Still, overall, it yields a significant (but not dramatic) boost in
collection speed.
2002-07-01 03:52:19 +00:00
Tim Peters 93cd83e4ae visit_decref(): Two optimizations.
1. You're not supposed to call this with a NULL argument, although the
   docs could be clearer about that.  The other visit_XYZ() functions
   don't bother to check.  This doesn't either now, although it does
   assert non-NULL-ness now.

2. It doesn't matter whether the object is currently tracked, so don't
   bother checking that either (if it isn't currently tracked, it may
   have some nonsense value in gc_refs, but it doesn't hurt to
   decrement gibberish, and it's cheaper to do so than to make everyone
   test for trackedness).

It would be nice to get rid of the other tests on IS_TRACKED.  Perhaps
trackedness should not be a matter of not being in any gc list, but
should be a matter of being in a new "untracked" gc list.  This list
simply wouldn't be involved in the collection mechanism.  A newly
created object would be put in the untracked list.  Tracking would
simply unlink it and move it into the gen0 list.  Untracking would do
the reverse.  No test+branch needed then.  visit_move() may be vulnerable
then, though, and I don't know how this would work with the trashcan.
2002-06-30 21:31:03 +00:00
Tim Peters 8839617cc9 SF bug #574132: Major GC related performance regression
"The regression" is actually due to that 2.2.1 had a bug that prevented
the regression (which isn't a regression at all) from showing up.  "The
regression" is actually a glitch in cyclic gc that's been there forever.

As the generation being collected is analyzed, objects that can't be
collected (because, e.g., we find they're externally referenced, or
are in an unreachable cycle but have a __del__ method) are moved out
of the list of candidates.  A tricksy scheme uses negative values of
gc_refs to mark such objects as being moved.  However, the exact
negative value set at the start may become "more negative" over time
for objects not in the generation being collected, and the scheme was
checking for an exact match on the negative value originally assigned.
As a result, objects in generations older than the one being collected
could get scanned too, and yanked back into a younger generation.  Doing
so doesn't lead to an error, but doesn't do any good, and can burn an
unbounded amount of time doing useless work.

A test case is simple (thanks to Kevin Jacobs for finding it!):

x = []
for i in xrange(200000):
    x.append((1,))

Without the patch, this ends up scanning all of x on every gen0 collection,
scans all of x twice on every gen1 collection, and x gets yanked back into
gen1 on every gen0 collection.  With the patch, once x gets to gen2, it's
never scanned again until another gen2 collection, and stays in gen2.

Bugfix candidate, although the code has changed enough that I think I'll
need to port it by hand.  2.2.1 also has a different bug that causes
bound method objects not to get tracked at all (so the test case doesn't
burn absurd amounts of time in 2.2.1, but *should* <wink>).
2002-06-30 17:56:40 +00:00
Neil Schemenauer c9051640f8 Fix small bug.
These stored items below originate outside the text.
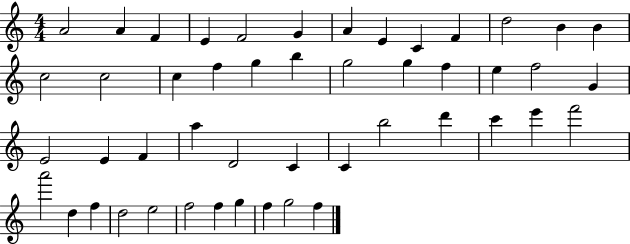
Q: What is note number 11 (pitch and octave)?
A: D5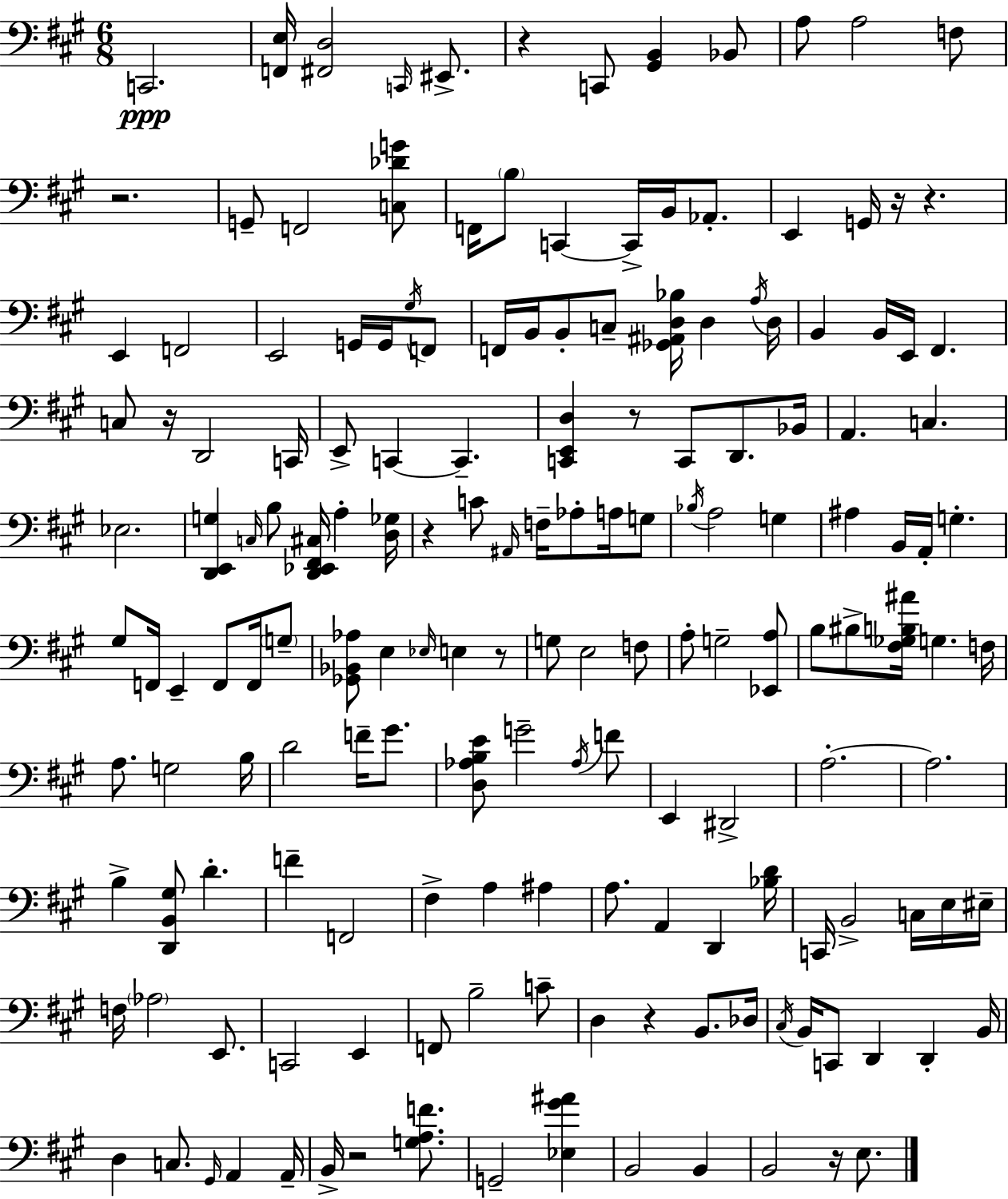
X:1
T:Untitled
M:6/8
L:1/4
K:A
C,,2 [F,,E,]/4 [^F,,D,]2 C,,/4 ^E,,/2 z C,,/2 [^G,,B,,] _B,,/2 A,/2 A,2 F,/2 z2 G,,/2 F,,2 [C,_DG]/2 F,,/4 B,/2 C,, C,,/4 B,,/4 _A,,/2 E,, G,,/4 z/4 z E,, F,,2 E,,2 G,,/4 G,,/4 ^G,/4 F,,/2 F,,/4 B,,/4 B,,/2 C,/2 [_G,,^A,,D,_B,]/4 D, A,/4 D,/4 B,, B,,/4 E,,/4 ^F,, C,/2 z/4 D,,2 C,,/4 E,,/2 C,, C,, [C,,E,,D,] z/2 C,,/2 D,,/2 _B,,/4 A,, C, _E,2 [D,,E,,G,] C,/4 B,/2 [D,,_E,,^F,,^C,]/4 A, [D,_G,]/4 z C/2 ^A,,/4 F,/4 _A,/2 A,/4 G,/2 _B,/4 A,2 G, ^A, B,,/4 A,,/4 G, ^G,/2 F,,/4 E,, F,,/2 F,,/4 G,/2 [_G,,_B,,_A,]/2 E, _E,/4 E, z/2 G,/2 E,2 F,/2 A,/2 G,2 [_E,,A,]/2 B,/2 ^B,/2 [^F,_G,B,^A]/4 G, F,/4 A,/2 G,2 B,/4 D2 F/4 ^G/2 [D,_A,B,E]/2 G2 _A,/4 F/2 E,, ^D,,2 A,2 A,2 B, [D,,B,,^G,]/2 D F F,,2 ^F, A, ^A, A,/2 A,, D,, [_B,D]/4 C,,/4 B,,2 C,/4 E,/4 ^E,/4 F,/4 _A,2 E,,/2 C,,2 E,, F,,/2 B,2 C/2 D, z B,,/2 _D,/4 ^C,/4 B,,/4 C,,/2 D,, D,, B,,/4 D, C,/2 ^G,,/4 A,, A,,/4 B,,/4 z2 [G,A,F]/2 G,,2 [_E,^G^A] B,,2 B,, B,,2 z/4 E,/2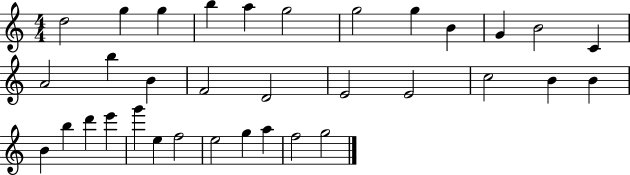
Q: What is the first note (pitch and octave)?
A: D5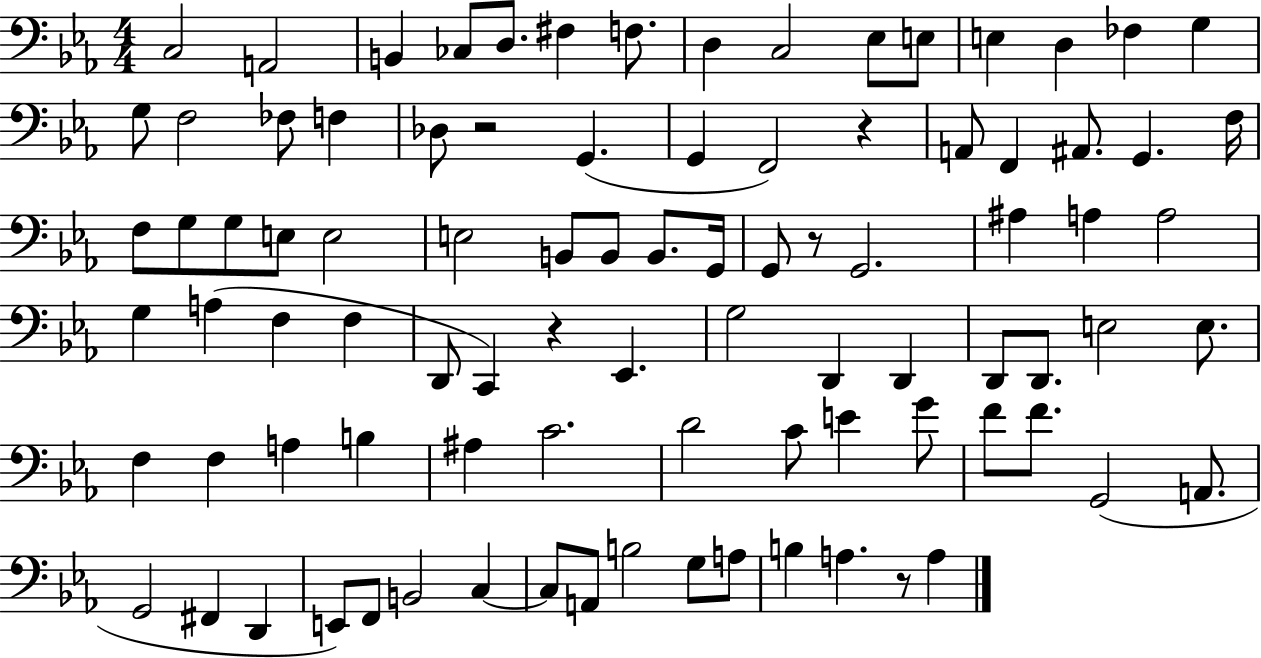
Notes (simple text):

C3/h A2/h B2/q CES3/e D3/e. F#3/q F3/e. D3/q C3/h Eb3/e E3/e E3/q D3/q FES3/q G3/q G3/e F3/h FES3/e F3/q Db3/e R/h G2/q. G2/q F2/h R/q A2/e F2/q A#2/e. G2/q. F3/s F3/e G3/e G3/e E3/e E3/h E3/h B2/e B2/e B2/e. G2/s G2/e R/e G2/h. A#3/q A3/q A3/h G3/q A3/q F3/q F3/q D2/e C2/q R/q Eb2/q. G3/h D2/q D2/q D2/e D2/e. E3/h E3/e. F3/q F3/q A3/q B3/q A#3/q C4/h. D4/h C4/e E4/q G4/e F4/e F4/e. G2/h A2/e. G2/h F#2/q D2/q E2/e F2/e B2/h C3/q C3/e A2/e B3/h G3/e A3/e B3/q A3/q. R/e A3/q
The count of objects in all generations younger then the
collected one should be zeroed.
2002-06-28 19:16:04 +00:00
Martin v. Löwis 14f8b4cfcb Patch #568124: Add doc string macros. 2002-06-13 20:33:02 +00:00
Jeremy Hylton 8a13518d25 Remove casts to PyObject * when declaration is for PyObject * 2002-06-06 23:23:55 +00:00
Neil Schemenauer a2b11ecb08 Add IS_TRACKED and IS_MOVED macros. This makes the logic a little more clear. 2002-05-21 15:53:24 +00:00
Neil Schemenauer 2880ae53e6 Move all data for a single generation into a structure. The set of
generations is now an array.  This cleans up some code and makes it easy
to change the number of generations.  Also, implemented a
gc_list_is_empty() function.  This makes the logic a little clearer in
places.  The performance impact of these changes should be negligible.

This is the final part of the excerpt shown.